* Action item *
Find how many lines in the data below mention "Wall". Give the number only.

* Records for processing *
************
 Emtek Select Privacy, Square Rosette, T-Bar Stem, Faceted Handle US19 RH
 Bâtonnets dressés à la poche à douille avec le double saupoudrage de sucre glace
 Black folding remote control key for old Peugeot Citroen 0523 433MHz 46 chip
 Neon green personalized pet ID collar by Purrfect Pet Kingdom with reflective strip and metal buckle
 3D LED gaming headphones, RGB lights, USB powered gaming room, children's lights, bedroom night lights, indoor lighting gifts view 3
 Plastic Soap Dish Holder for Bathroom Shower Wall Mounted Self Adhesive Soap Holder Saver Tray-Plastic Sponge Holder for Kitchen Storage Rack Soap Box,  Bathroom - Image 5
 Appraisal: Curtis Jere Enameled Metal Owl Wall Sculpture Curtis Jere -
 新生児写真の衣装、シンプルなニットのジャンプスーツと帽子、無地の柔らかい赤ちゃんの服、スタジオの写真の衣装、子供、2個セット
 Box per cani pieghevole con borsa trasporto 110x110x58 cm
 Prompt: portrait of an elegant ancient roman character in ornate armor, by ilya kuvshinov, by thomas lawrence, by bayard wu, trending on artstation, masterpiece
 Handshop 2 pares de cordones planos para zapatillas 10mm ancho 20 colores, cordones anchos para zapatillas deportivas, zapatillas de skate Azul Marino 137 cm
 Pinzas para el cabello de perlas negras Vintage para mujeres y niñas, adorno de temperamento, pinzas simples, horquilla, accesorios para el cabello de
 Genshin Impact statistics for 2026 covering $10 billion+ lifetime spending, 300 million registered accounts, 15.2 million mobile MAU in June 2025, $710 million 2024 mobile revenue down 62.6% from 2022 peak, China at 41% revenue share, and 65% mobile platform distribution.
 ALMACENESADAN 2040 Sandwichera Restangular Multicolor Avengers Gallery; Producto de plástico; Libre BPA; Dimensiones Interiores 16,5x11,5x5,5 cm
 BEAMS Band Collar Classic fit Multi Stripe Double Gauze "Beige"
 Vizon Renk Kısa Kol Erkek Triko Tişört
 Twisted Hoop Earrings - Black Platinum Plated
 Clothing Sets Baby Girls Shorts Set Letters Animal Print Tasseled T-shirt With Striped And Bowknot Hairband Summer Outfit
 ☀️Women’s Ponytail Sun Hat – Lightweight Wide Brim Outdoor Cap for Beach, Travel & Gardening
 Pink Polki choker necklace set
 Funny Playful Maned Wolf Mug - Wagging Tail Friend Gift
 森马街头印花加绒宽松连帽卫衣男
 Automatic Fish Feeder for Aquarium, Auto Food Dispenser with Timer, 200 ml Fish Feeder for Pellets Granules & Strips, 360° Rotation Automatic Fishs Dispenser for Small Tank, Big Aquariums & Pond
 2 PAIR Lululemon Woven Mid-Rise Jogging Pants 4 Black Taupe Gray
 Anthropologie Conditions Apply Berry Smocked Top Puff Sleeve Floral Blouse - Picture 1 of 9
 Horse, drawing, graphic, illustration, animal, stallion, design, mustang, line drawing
************
* Task result *
2